*** MATERIAL PROVIDED

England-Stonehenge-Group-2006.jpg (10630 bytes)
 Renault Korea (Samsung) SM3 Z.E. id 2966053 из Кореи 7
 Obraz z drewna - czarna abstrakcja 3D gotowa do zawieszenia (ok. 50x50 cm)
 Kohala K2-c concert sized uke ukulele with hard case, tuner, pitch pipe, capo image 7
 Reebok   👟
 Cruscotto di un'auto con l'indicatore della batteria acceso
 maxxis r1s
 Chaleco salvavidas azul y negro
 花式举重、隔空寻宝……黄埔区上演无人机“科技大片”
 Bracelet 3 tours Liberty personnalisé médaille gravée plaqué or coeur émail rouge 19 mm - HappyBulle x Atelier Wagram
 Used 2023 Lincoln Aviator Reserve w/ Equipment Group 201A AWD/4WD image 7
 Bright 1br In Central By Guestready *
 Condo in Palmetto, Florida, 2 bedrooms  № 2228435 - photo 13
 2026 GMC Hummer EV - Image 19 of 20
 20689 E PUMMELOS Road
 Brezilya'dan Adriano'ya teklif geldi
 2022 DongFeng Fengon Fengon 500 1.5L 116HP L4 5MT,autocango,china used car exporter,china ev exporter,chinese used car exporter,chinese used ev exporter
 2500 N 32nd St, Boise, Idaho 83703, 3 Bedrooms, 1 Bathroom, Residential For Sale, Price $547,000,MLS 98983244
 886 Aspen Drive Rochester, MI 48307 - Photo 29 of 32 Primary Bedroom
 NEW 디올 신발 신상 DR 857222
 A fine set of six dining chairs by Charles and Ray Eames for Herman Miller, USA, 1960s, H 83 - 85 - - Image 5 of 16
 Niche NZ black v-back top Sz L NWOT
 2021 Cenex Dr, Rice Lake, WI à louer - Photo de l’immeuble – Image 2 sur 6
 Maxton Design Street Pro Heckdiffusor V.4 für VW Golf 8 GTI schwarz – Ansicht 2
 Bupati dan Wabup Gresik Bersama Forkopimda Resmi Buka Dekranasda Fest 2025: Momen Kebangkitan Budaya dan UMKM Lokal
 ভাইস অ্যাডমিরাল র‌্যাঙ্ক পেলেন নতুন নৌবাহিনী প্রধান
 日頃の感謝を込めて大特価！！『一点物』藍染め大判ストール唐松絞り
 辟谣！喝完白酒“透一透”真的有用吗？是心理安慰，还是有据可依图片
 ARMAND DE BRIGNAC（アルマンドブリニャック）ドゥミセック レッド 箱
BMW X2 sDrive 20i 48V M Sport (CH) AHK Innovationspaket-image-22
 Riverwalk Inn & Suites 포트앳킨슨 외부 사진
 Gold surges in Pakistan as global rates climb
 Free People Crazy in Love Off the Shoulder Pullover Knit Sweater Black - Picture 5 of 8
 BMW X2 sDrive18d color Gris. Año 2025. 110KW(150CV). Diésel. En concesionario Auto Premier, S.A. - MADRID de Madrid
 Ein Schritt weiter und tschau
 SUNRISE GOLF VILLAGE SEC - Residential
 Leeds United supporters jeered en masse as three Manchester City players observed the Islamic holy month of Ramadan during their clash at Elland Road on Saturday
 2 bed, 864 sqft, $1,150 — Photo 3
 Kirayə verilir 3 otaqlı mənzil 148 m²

******

* WHAT YOU NEED TO DO
Line count for the string "Group": work it out from the records above and reply with the number alone.

* SOLUTION FOR THIS EXERCISE
2